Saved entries

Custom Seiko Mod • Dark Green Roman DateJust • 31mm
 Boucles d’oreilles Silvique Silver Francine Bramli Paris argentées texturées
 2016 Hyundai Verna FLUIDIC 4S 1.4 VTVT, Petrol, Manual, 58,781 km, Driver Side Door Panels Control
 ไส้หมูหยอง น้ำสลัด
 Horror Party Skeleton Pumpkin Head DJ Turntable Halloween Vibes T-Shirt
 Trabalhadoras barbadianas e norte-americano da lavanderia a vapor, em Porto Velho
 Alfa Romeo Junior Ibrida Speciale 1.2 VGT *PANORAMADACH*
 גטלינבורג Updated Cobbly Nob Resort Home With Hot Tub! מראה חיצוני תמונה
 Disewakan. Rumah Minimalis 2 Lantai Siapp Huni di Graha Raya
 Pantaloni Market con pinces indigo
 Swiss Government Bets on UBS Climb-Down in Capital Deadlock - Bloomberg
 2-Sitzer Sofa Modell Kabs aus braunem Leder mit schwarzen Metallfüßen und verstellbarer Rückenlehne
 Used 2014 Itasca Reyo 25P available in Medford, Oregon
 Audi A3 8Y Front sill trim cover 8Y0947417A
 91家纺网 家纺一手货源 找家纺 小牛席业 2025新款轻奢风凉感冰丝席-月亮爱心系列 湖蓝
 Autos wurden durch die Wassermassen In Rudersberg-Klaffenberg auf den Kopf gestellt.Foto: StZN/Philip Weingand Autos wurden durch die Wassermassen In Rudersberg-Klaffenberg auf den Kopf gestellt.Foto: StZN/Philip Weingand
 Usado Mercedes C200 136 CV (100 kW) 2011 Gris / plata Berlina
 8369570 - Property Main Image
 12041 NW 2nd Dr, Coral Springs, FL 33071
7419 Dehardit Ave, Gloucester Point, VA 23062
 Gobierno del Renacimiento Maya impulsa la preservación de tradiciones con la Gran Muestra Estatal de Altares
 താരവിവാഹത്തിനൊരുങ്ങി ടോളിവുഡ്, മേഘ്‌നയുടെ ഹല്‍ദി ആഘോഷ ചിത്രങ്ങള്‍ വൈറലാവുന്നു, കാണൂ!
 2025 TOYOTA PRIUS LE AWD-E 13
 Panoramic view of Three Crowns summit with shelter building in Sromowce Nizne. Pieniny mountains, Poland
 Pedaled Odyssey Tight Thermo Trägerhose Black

Exercise objective
There is a line with "Trabalhadoras barbadianas e" and a line with "Swiss Government Bets" above. Copy exactly those two lines and all lines between them, with nothing else.

Answer space
 Trabalhadoras barbadianas e norte-americano da lavanderia a vapor, em Porto Velho
 Alfa Romeo Junior Ibrida Speciale 1.2 VGT *PANORAMADACH*
 גטלינבורג Updated Cobbly Nob Resort Home With Hot Tub! מראה חיצוני תמונה
 Disewakan. Rumah Minimalis 2 Lantai Siapp Huni di Graha Raya
 Pantaloni Market con pinces indigo
 Swiss Government Bets on UBS Climb-Down in Capital Deadlock - Bloomberg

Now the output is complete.